Exercise aim ::
Copy everything in the data below exactly except the pictures.

[[ Material to process open ]]

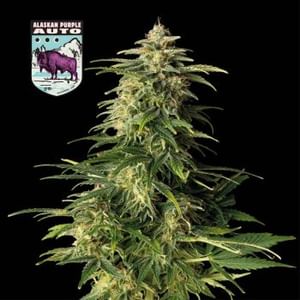 Alaskan Purple Auto Feminized Seeds-SMAN-ALPURP-AUTO-FEM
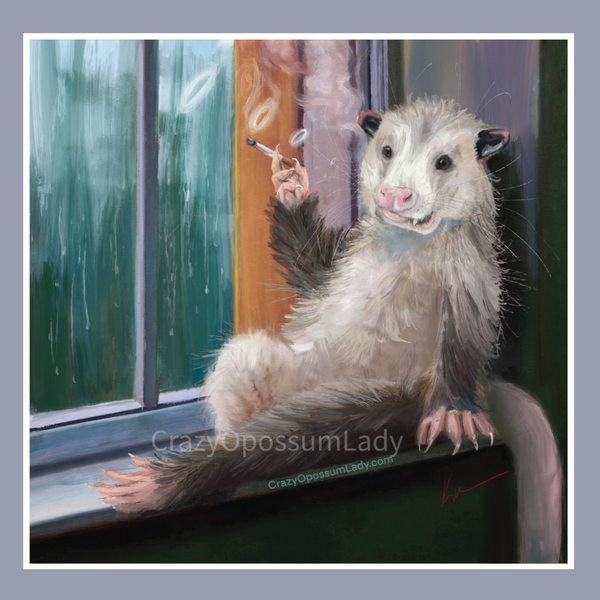 Possum sitting on a windowsill with a rainy window background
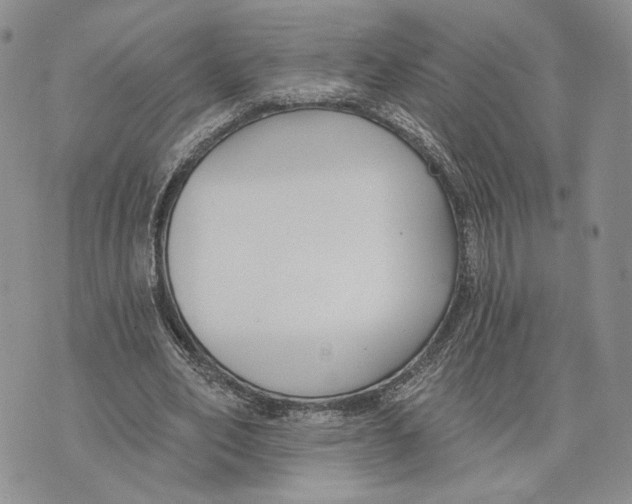 X0000073710582200608311757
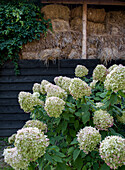 Hortensien (Hydrangea) vor einem Stapel Heuballen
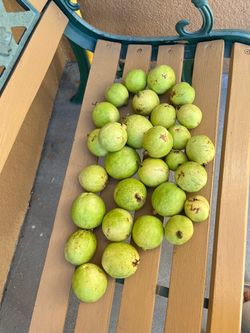 Guavas organic ( guayabas organicas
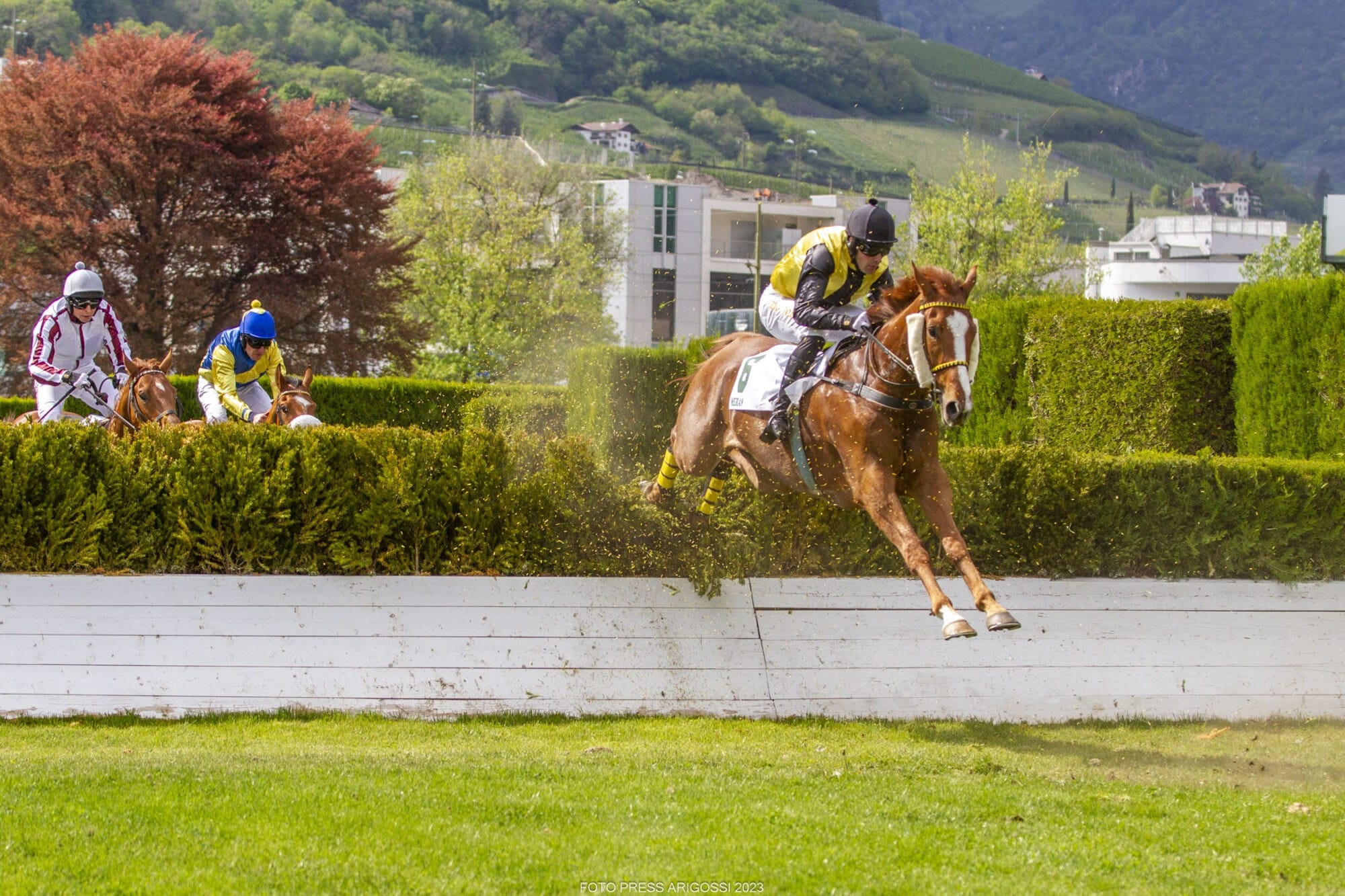 Kenzo Du Chenet überrascht im Preis Erste Hürden – Red Coral siegt im Preis Pietro Santoni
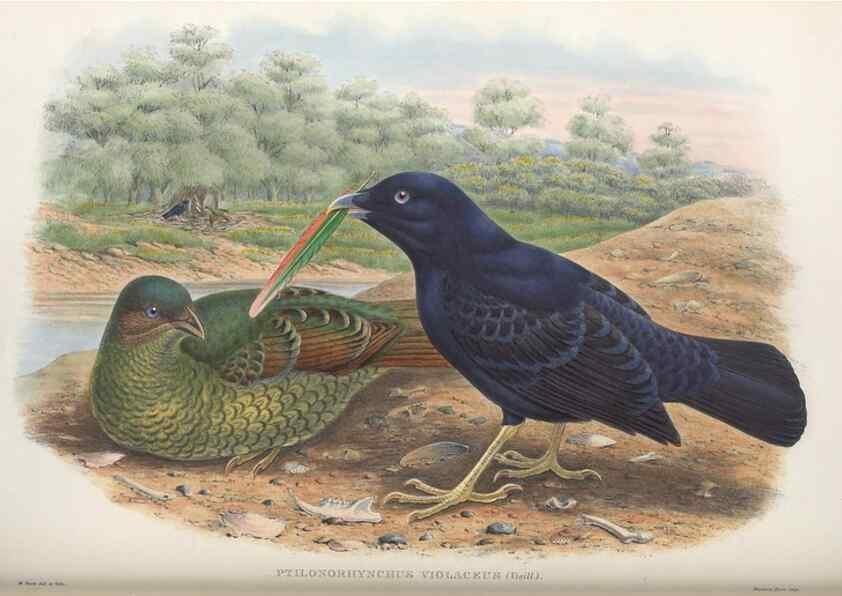 Reproducción/Reproduction 48367270101: Monograph of the Paradiseidae, or birds of paradise and Ptilonorhynchidae, or bower-birds.. London :H. Sotheran & Co.,1891-98.. 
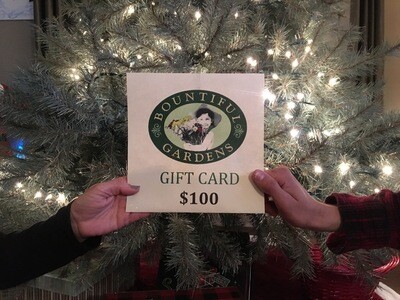 Gift Cards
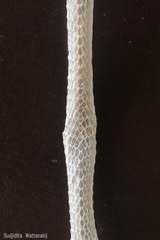 Ahaetulla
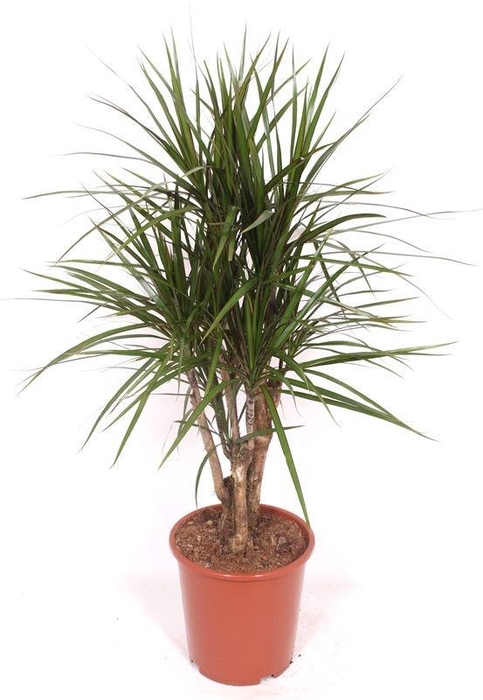 <h4>Dracaena marginata</h4>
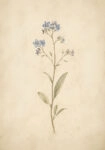 Πίνακας σε Καμβά VINTAGE DARK ACADEMIA FLOWERS 3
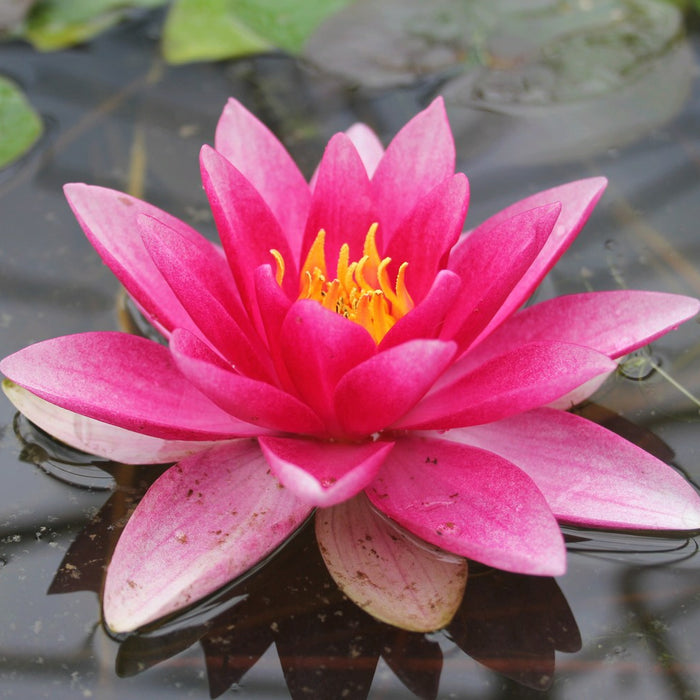 Buy Nymphaea 'Attraction' Water Lily online UK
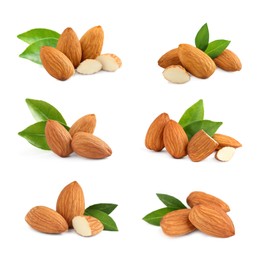 Set with tasty almond nuts on white background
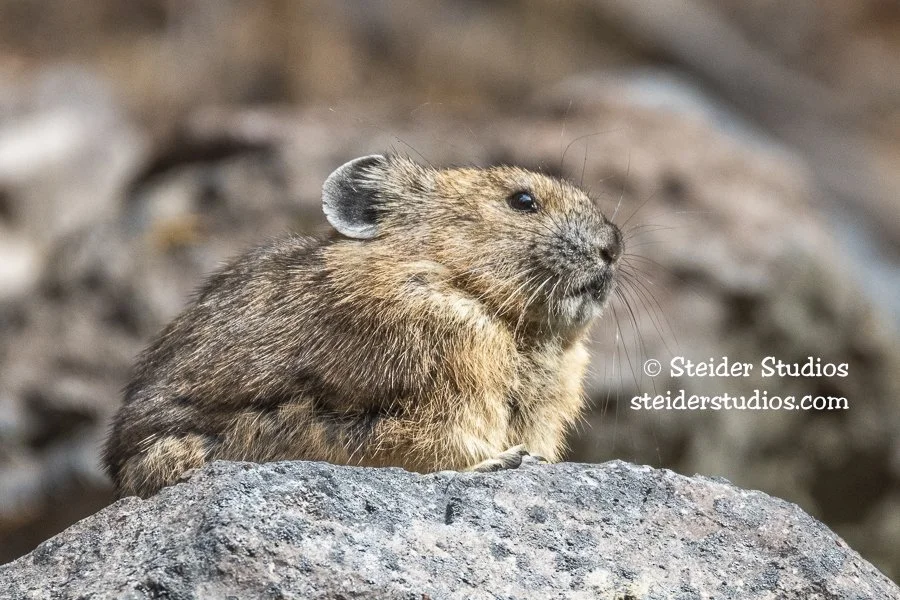 Steider Studios.Pika.10.1.18-4.jpg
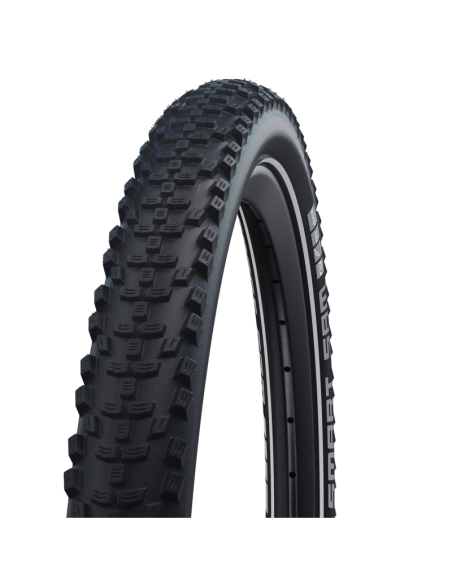 COP.SW 29x2.10 (54-622) SMART SAM PLUS ADD HS624 R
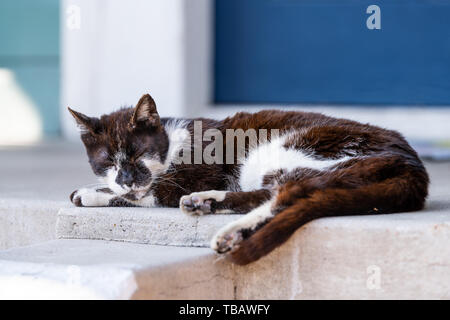 Stray in bianco e nero gatto dorme sul portico street a New Orleans, Louisiana da casa closeup ingresso sui passi Foto Stock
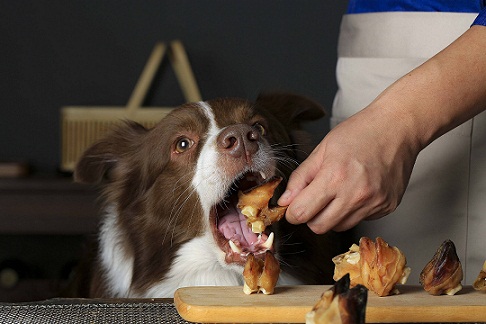 �ȵǳ�θ�������� �������ھ�Դ �����ͥ��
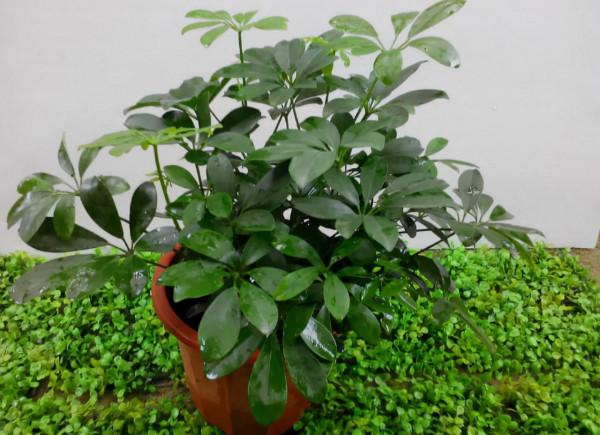 被譽為“招財樹”的鵝掌柴，居家盆栽該注意什麼？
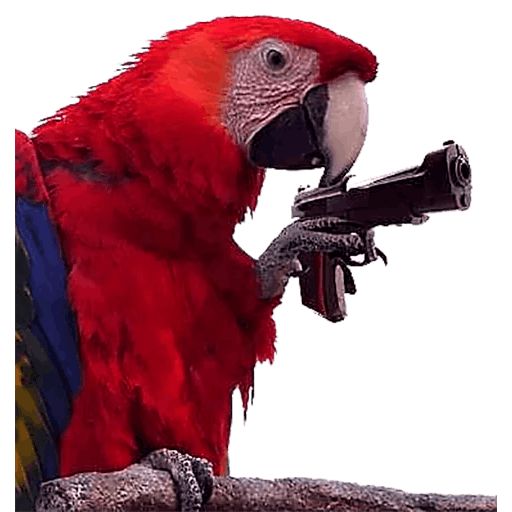 Стикер «Блядские попугаи-7»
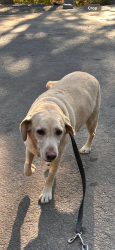 Found/Stray Unknown Dog last seen Doaks Ferry & Orchard Heights, Salem, OR 97304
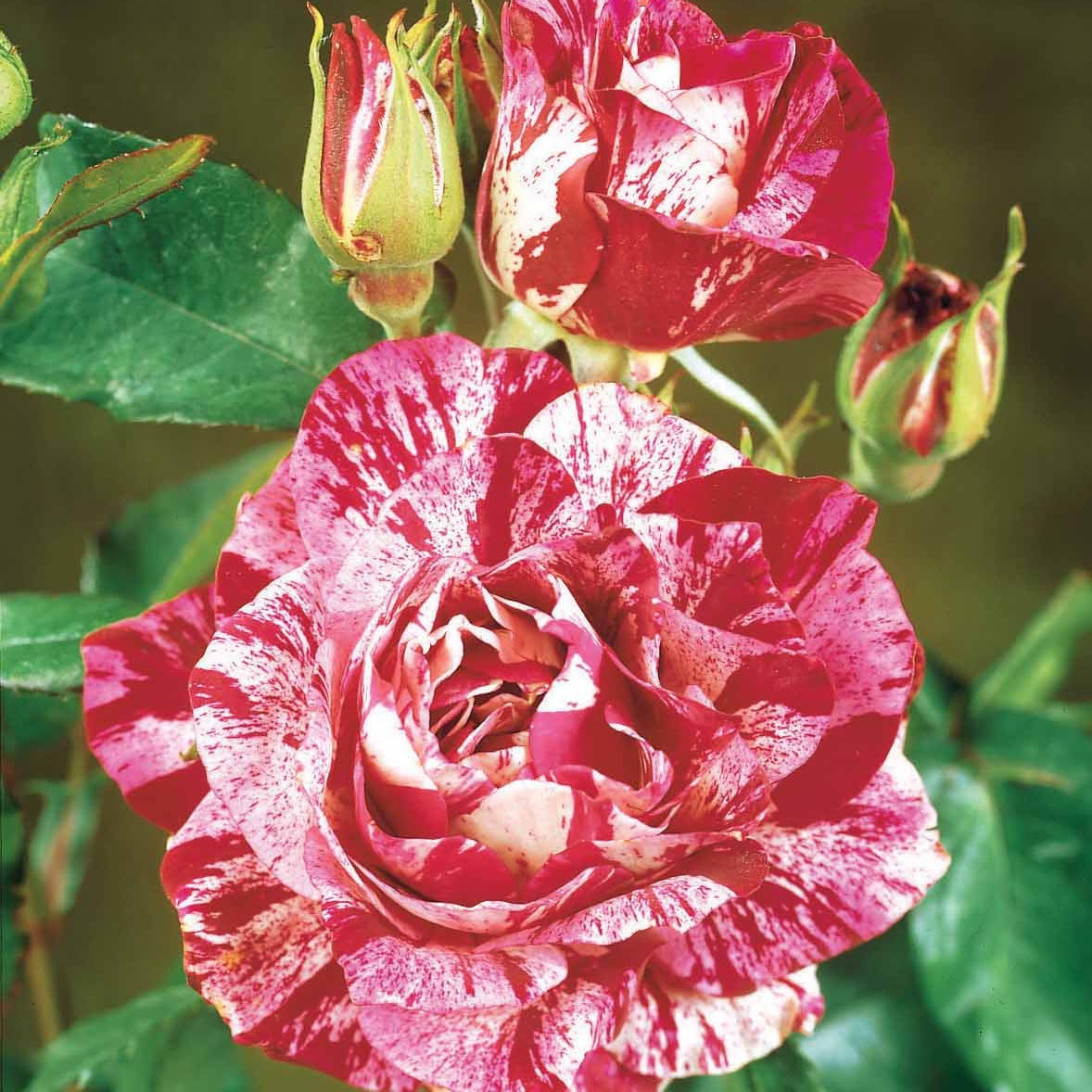  Rosier Buisson Candy Stripe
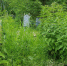 VonBk8HFBfzhTwW0W9LKrMChsiQK3yHgdV_cDraknEJMUw3upe2HjezENSgJi7aKoMJUHXBG60LBbaOyNCfkLzMZ.jpg - Ozersk74.Ru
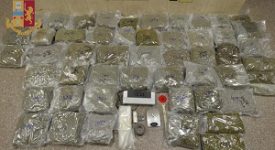 Sequestrati 60 kg di droga e arrestati quattro spacciatori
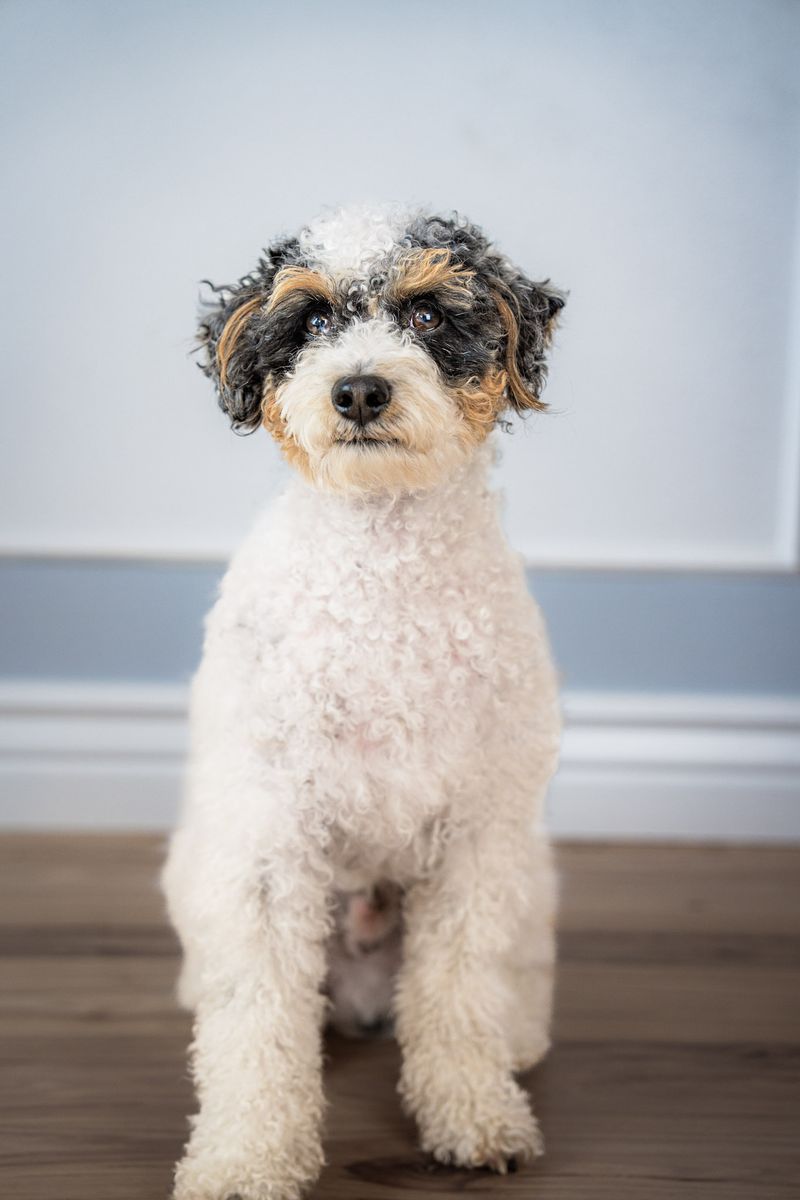 AKC Merle Tri-Color Poodle Stud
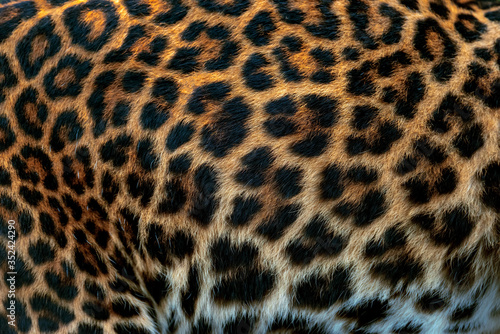 Leopard skin texture for background   real fur 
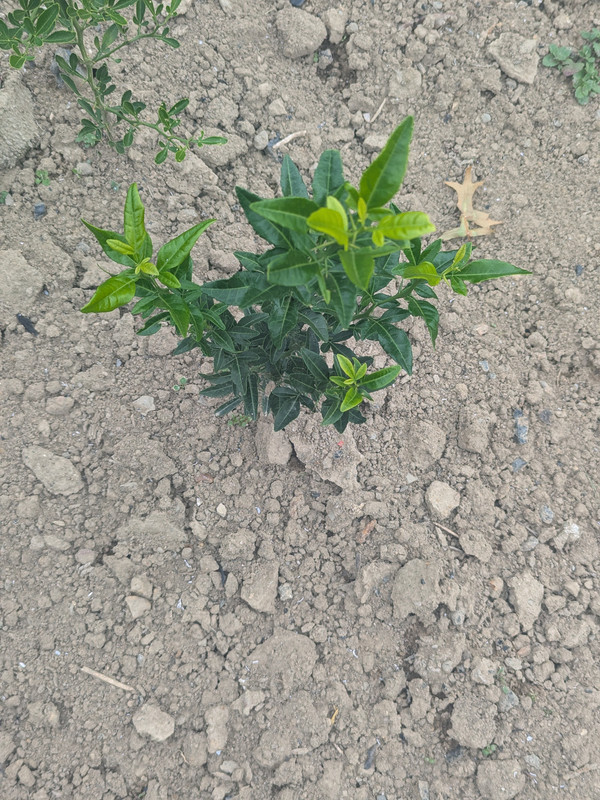 PXL 20260919 191107877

[[ Material to process closed ]]

Solution to this exercise ::
 Alaskan Purple Auto Feminized Seeds-SMAN-ALPURP-AUTO-FEM
 Possum sitting on a windowsill with a rainy window background
 X0000073710582200608311757
 Hortensien (Hydrangea) vor einem Stapel Heuballen
 Guavas organic ( guayabas organicas
 Kenzo Du Chenet überrascht im Preis Erste Hürden – Red Coral siegt im Preis Pietro Santoni
 Reproducción/Reproduction 48367270101: Monograph of the Paradiseidae, or birds of paradise and Ptilonorhynchidae, or bower-birds.. London :H. Sotheran & Co.,1891-98.. 
 Gift Cards
 Ahaetulla
 <h4>Dracaena marginata</h4>
 Πίνακας σε Καμβά VINTAGE DARK ACADEMIA FLOWERS 3
 Buy Nymphaea 'Attraction' Water Lily online UK
 Set with tasty almond nuts on white background
 Steider Studios.Pika.10.1.18-4.jpg
 COP.SW 29x2.10 (54-622) SMART SAM PLUS ADD HS624 R
 Stray in bianco e nero gatto dorme sul portico street a New Orleans, Louisiana da casa closeup ingresso sui passi Foto Stock
 �ȵǳ�θ�������� �������ھ�Դ �����ͥ��
 被譽為“招財樹”的鵝掌柴，居家盆栽該注意什麼？
 Стикер «Блядские попугаи-7»
 Found/Stray Unknown Dog last seen Doaks Ferry & Orchard Heights, Salem, OR 97304
  Rosier Buisson Candy Stripe
 VonBk8HFBfzhTwW0W9LKrMChsiQK3yHgdV_cDraknEJMUw3upe2HjezENSgJi7aKoMJUHXBG60LBbaOyNCfkLzMZ.jpg - Ozersk74.Ru
 Sequestrati 60 kg di droga e arrestati quattro spacciatori
 AKC Merle Tri-Color Poodle Stud
 Leopard skin texture for background   real fur 
 PXL 20260919 191107877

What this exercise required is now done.